Cuando se ha logrado estabilizar la situación, el polarizante se ha lanzado a toda carreta sobre un micrófono para ofrecer nuevas y quemantes declaraciones.
Vamos por más democracia
El problema con los polarizantes es doble: vuelven banal la política y ocupan mucho espacio. Cuando se trata de enfrentar y resolver problemas, nunca se ha sabido de un polarizante que sirva. No procesa un debate, únicamente lo saca de su centro.
Se alimentan de problemas como parásitos, exacerbándolos. Gritan, gesticulan y hacen afirmaciones rotundas, pero no aportan a ninguna solución. Más bien es al contrario. Si un problema se hace grave o crítico, quienes consiguen protagonismo espurio siguen profitando. Banalizan lo que tocan y empobrecen lo que dicen.
El polarizante es un productor de espectáculos mediales. El que alguna vez sea entretenido no lo hace menos dañino. Llena demasiado espacio para la nula utilidad de su actuación. La mejor forma de actuar ante este personaje es cortándole la cuerda que lo sostiene, no hacer lo que él espera.

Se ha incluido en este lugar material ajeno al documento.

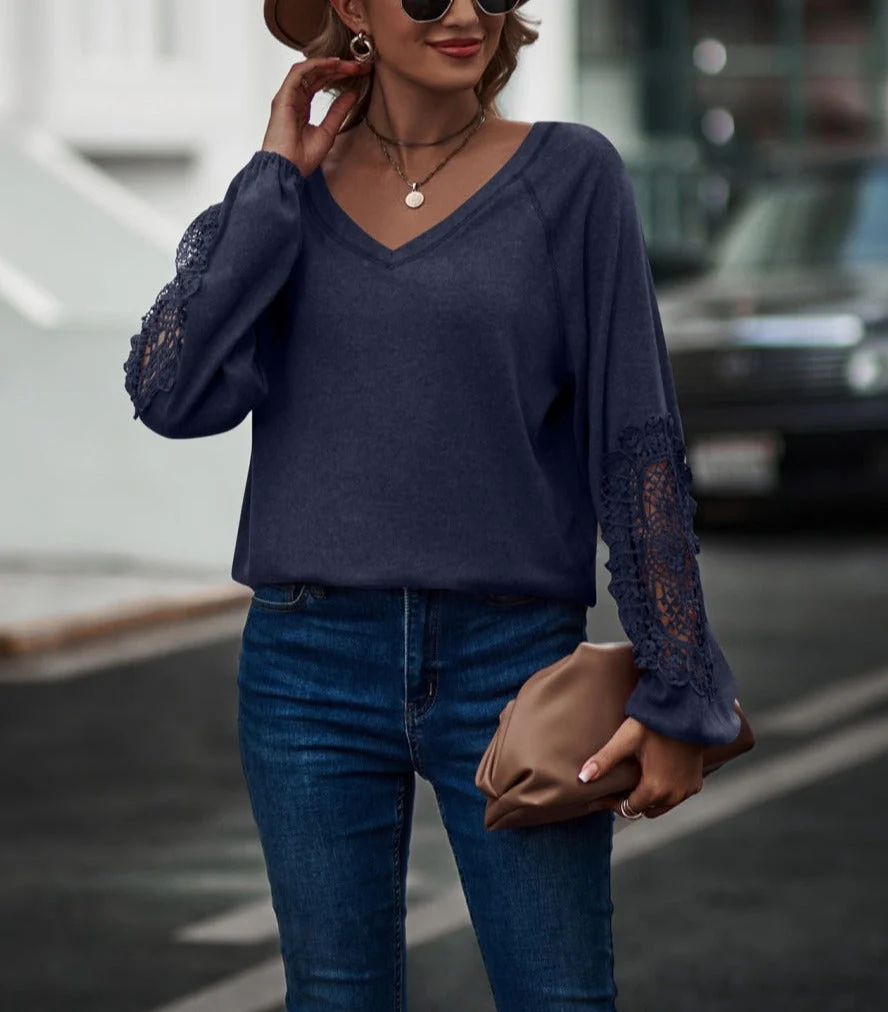 Contrast Lace Detail Raglan Sweater - Image 18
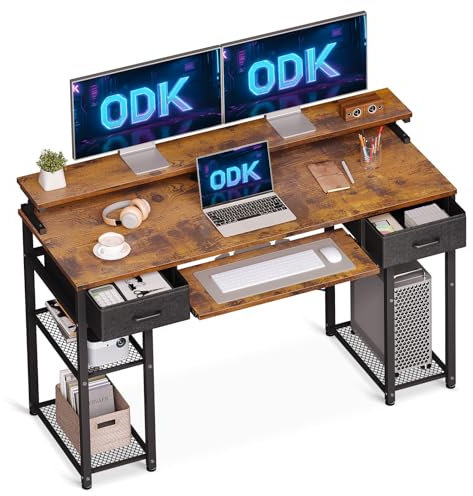 ODK Schreibtisch mit Schubladen, Computertisch mit Regal, Bürotisch mit 120x48x90cm Schreibtisch mit Monitorständer, PC Tisch mit CPU-Ständer für Home Office, Büro, Wohnzimmer, Braun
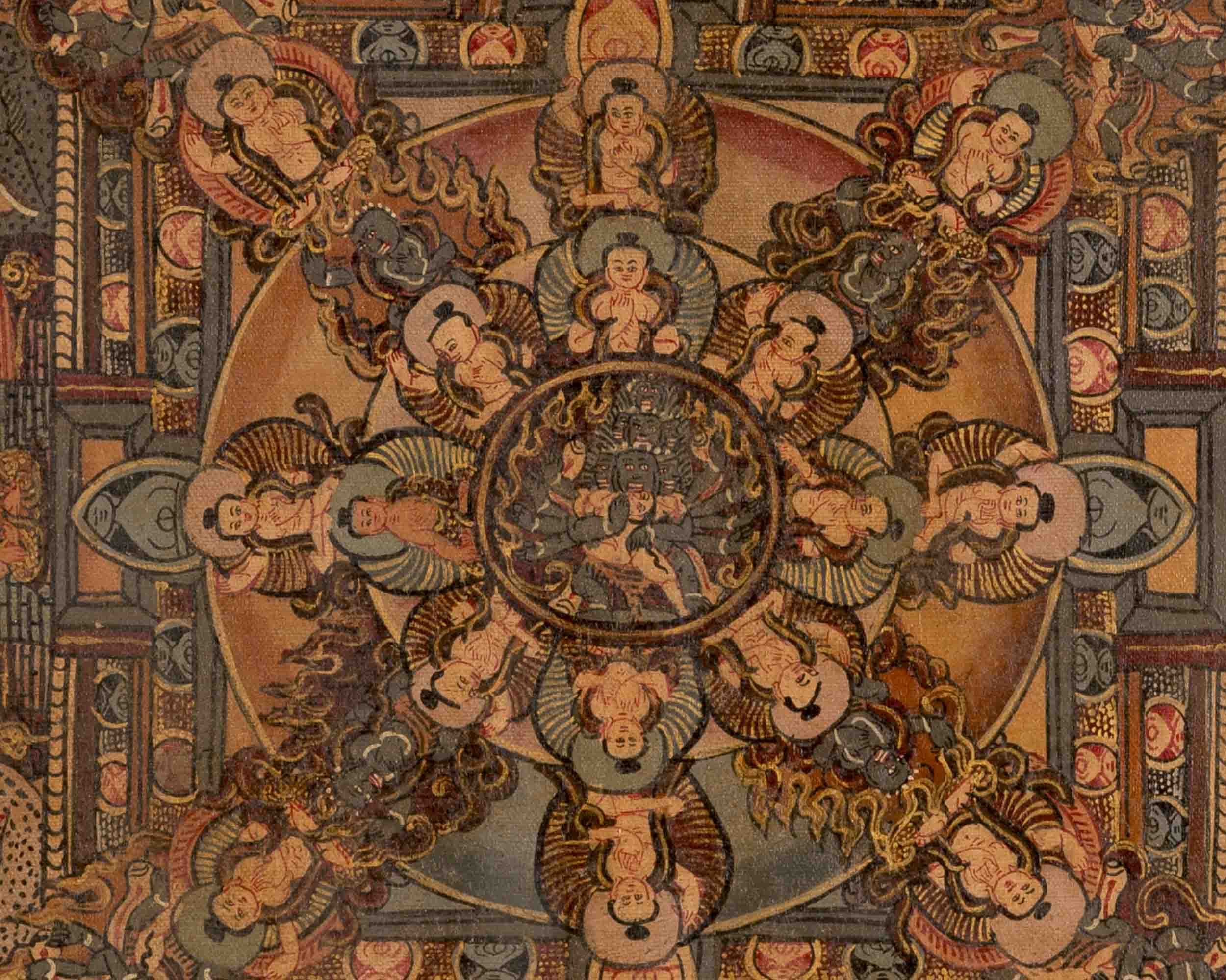 Vintage Heruka Mandala | Oil Varnished Thangka | Religious Wall Decors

Todo lo que hacen consiste en provocar un ataque. No sabría qué hacer si el ataque no se produce. Porque es la contrarrespuesta lo que hace que quede impune. Hay que dar tiempo para que la reacción sana se produzca donde más estragos causa el hacedor de desaguisados: en su propio bando.
¿Qué queremos que predomine en la política nacional? El país va por más democracia, por más cercanía, por más verdad y menos poses. Esto es lo que representan las candidatas. Demos a los demás el tipo de política de calidad que les permitan ejercer el liderazgo al que están llamadas.